Method 1: Watch TIME_WAIT Under Load
# Run load test in background, watch socket state
ab -n 50000 -c 100 http://localhost/api/health &
watch -n 0.5 'ss -s | grep -E "timewait|estab"'
Before keepalive: TIME_WAIT climbs steadily. At 200 req/s it reaches thousands within minutes.
After keepalive: TIME_WAIT stays low (under 200). ESTABLISHED count stays roughly stable — those are the reused keepalive connections.
Method 2: Check NGINX Status Module
If you have ngx_http_stub_status_module enabled:
location /nginx_status {
stub_status;
allow 127.0.0.1;
deny all;
}
curl http://localhost/nginx_status
# Active connections: 47
# server accepts handled requests
# 182340 182340 891023
# Reading: 0 Writing: 12 Waiting: 35
The Waiting count represents idle keepalive connections being held. Under load with keepalive working, this number stays healthy rather than dropping to zero constantly.
Method 3: strace a Worker Process
# Find an NGINX worker PID
ps aux | grep "nginx: worker"
# Watch its connect() calls
strace -p <worker_pid> -e trace=connect 2>&1 | head -50
Without keepalive: you see a constant stream of connect() calls.
With keepalive working: connect() calls are rare — connections are being reused.
Impact: Before and After
Here are real numbers from the incident described in the NGINX 502 debugging post, measured with ab at 200 req/s for 5 minutes:
| Metric | Without keepalive | With keepalive |
|---|---|---|
| TIME_WAIT sockets (peak) | 14,800 | 87 |
| New TCP connections/sec | ~200 | ~3 |
| 502 error rate | 0.3% | 0% |
| Avg response time | 42ms | 31ms |
| P99 response time | 310ms | 89ms |
The response time improvement is a bonus — fewer TCP handshakes means less latency for every request.
When Keepalive Is Not Enough
Keepalive solves the connection exhaustion problem, but it does not fix everything. If you are still seeing 502s after configuring keepalive correctly, check:
- Worker connections limit —
worker_connectionsmay be too low. See NGINX 502 Bad Gateway Under Load: Causes, Debugging, and Fixes - Upstream pool limits — PHP-FPM
pm.max_childrenor Gunicorn worker count - Upstream response time — if the app is slow,
proxy_read_timeoutmay be firing - Kernel socket buffers — under extreme load, check
net.core.somaxconnandnet.ipv4.tcp_max_syn_backlog
For the full diagnostic flow, see the NGINX 502 debugging guide.

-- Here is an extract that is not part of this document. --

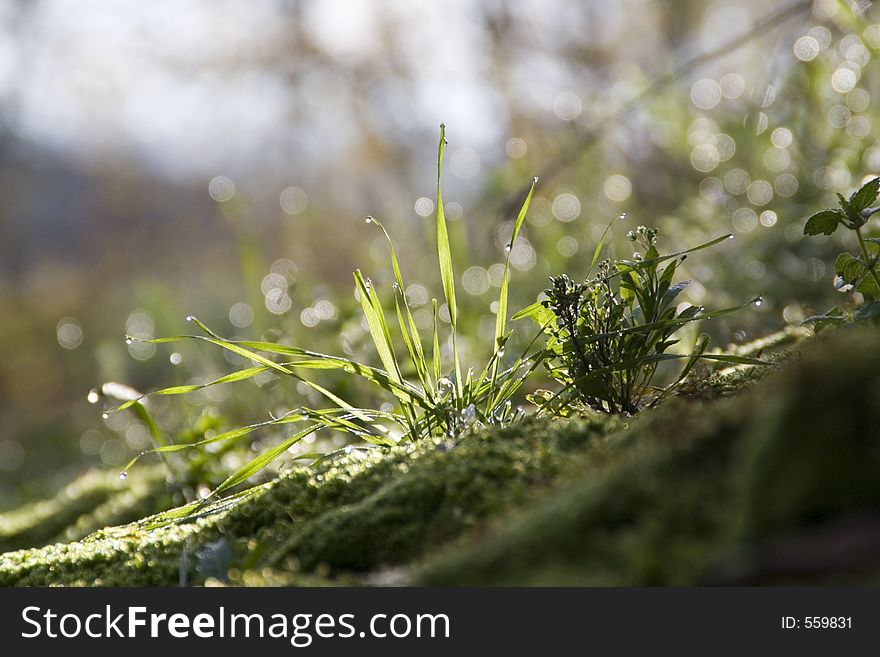 Drop Of Water In The Grass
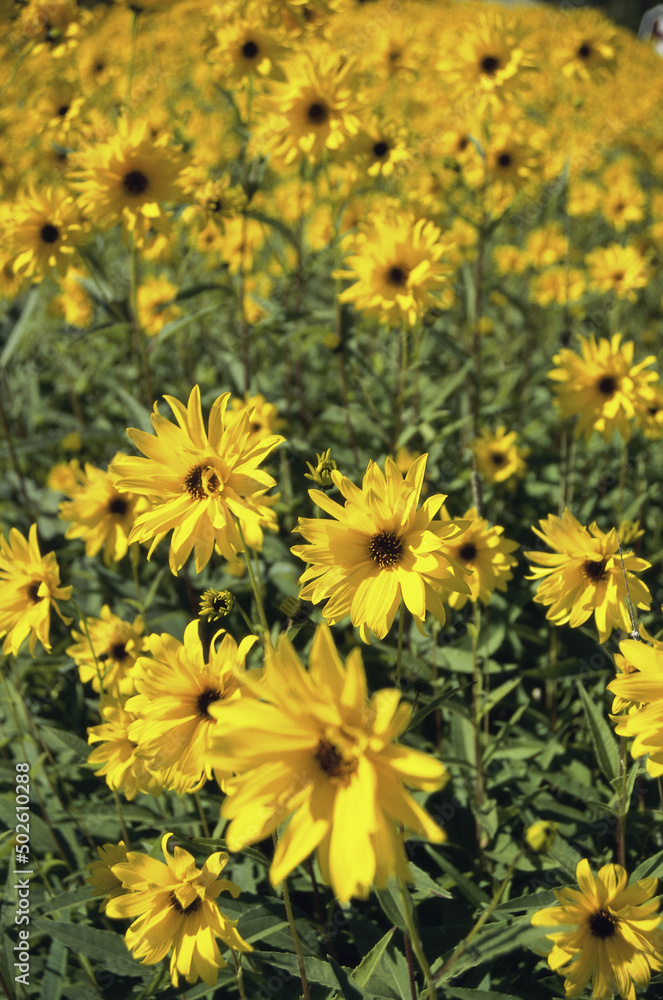Black-Eyed Susans in a field (Rudbeckia hirta) Black-Eyed Susans in a field (Rudbeckia hirta)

TL;DR — The Minimum You Need
Add this to every NGINX upstream block that handles significant traffic:
upstream your_backend {
server 127.0.0.1:8080;
keepalive 64;
keepalive_requests 1000;
keepalive_timeout 65s;
}
Add this to every location block that proxies to it:
proxy_http_version 1.1;
proxy_set_header Connection "";
Without all five lines working together, keepalive does not function. With them, you eliminate the most common cause of NGINX 502 errors under load — permanently.